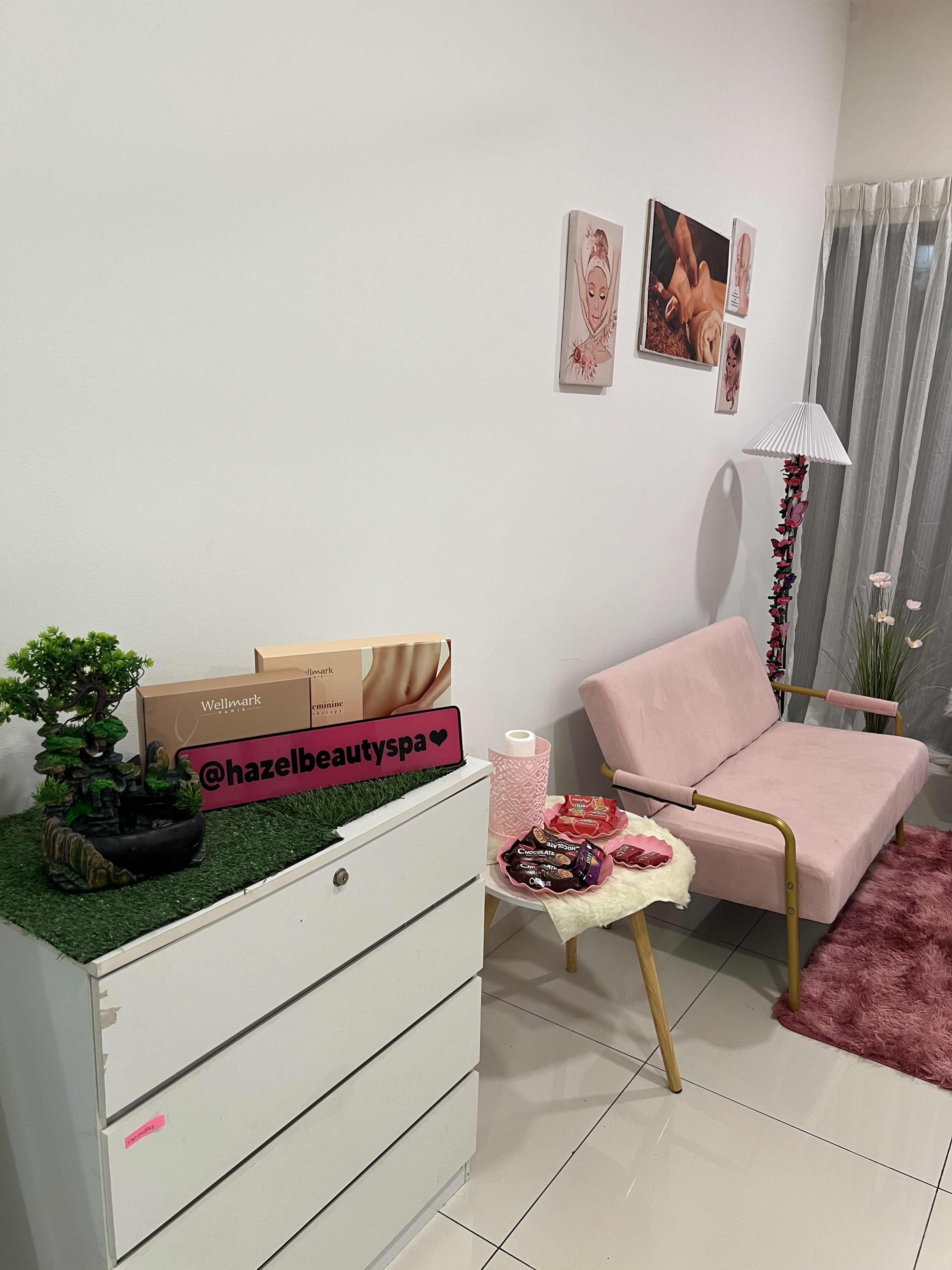 Professional Services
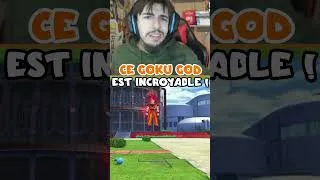 Miniature : CE GOKU GOD EST INCROYABLE SUR XENOVERSE 2 ! 🤩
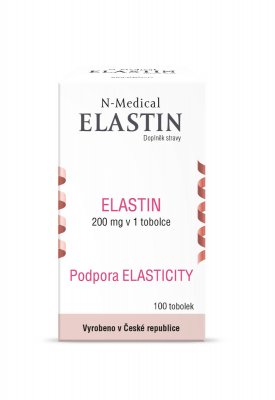 N-Medical Elastin 100 tobolek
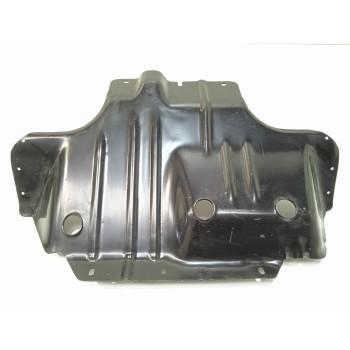 Recambio de cubrecarter para nissan np300 pick-up (d23) referencia OEM IAM 5081031G00  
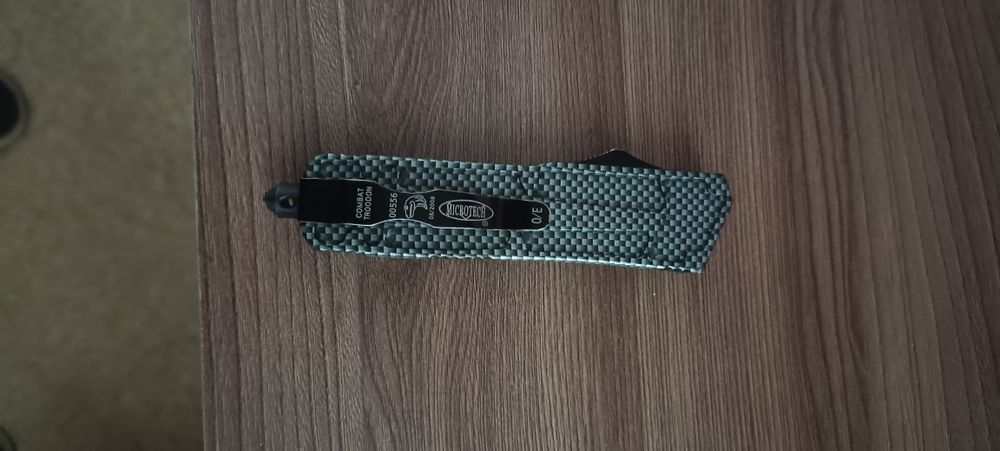 Продам нож фронталка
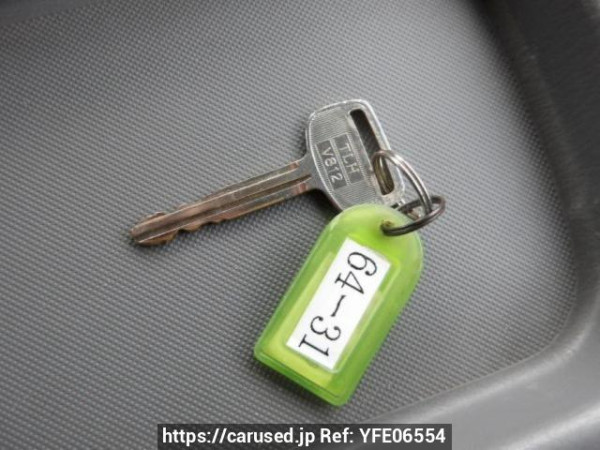 Used 2007 AT toyota hiace-wagon TRH214W Image[26]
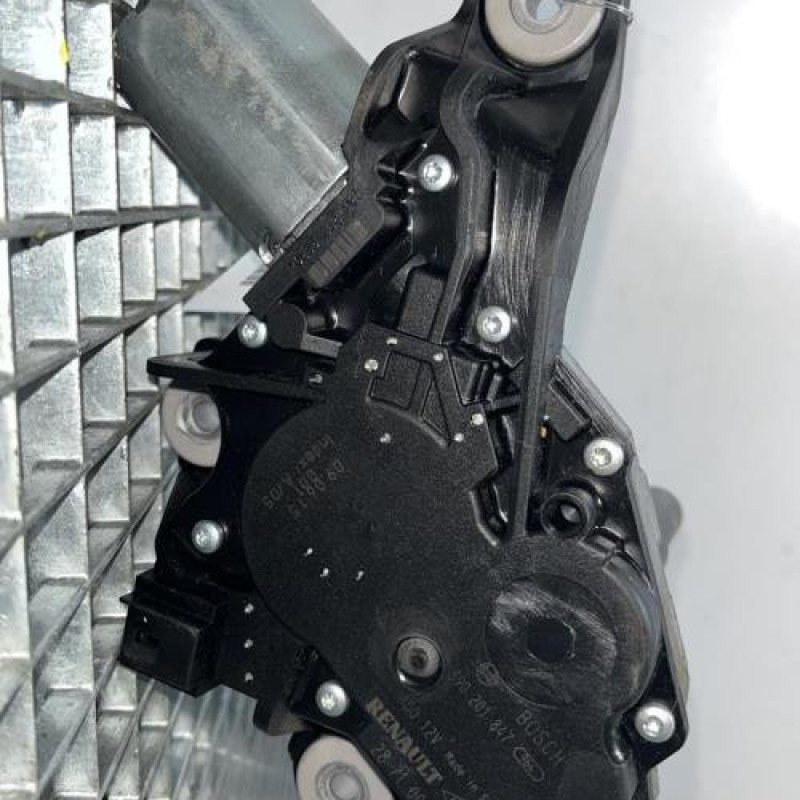 Moteur essuie glace arriere RENAULT MEGANE 3 Photo n°1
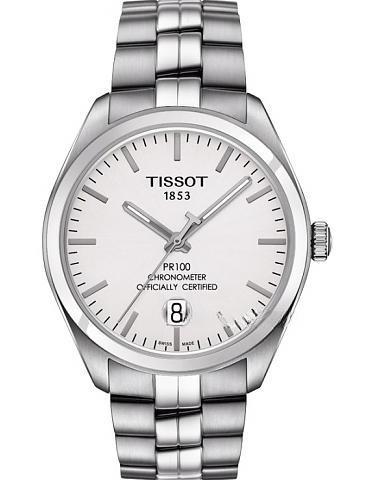 TISSOT T101.408.11.031.00 經典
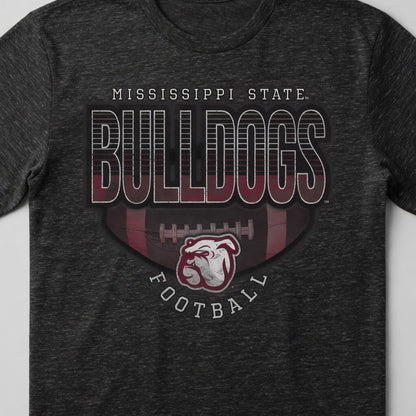 Mississippi State Bulldogs - SEPTEMBER 2017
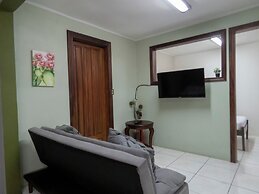 Coati Arenal Lodge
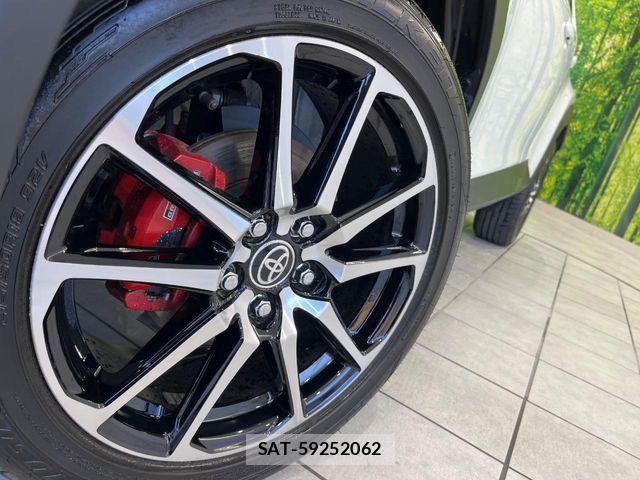 Toyota YARIS CROSS 2023-05 7621622-12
=======
_Work task_:
Please return the material above unchanged, with every picture removed.

_Completed task_:
 Professional Services
 Miniature : CE GOKU GOD EST INCROYABLE SUR XENOVERSE 2 ! 🤩
 N-Medical Elastin 100 tobolek
 Recambio de cubrecarter para nissan np300 pick-up (d23) referencia OEM IAM 5081031G00  
 Продам нож фронталка
 Used 2007 AT toyota hiace-wagon TRH214W Image[26]
 Moteur essuie glace arriere RENAULT MEGANE 3 Photo n°1
 TISSOT T101.408.11.031.00 經典
 Mississippi State Bulldogs - SEPTEMBER 2017
 Coati Arenal Lodge
 Toyota YARIS CROSS 2023-05 7621622-12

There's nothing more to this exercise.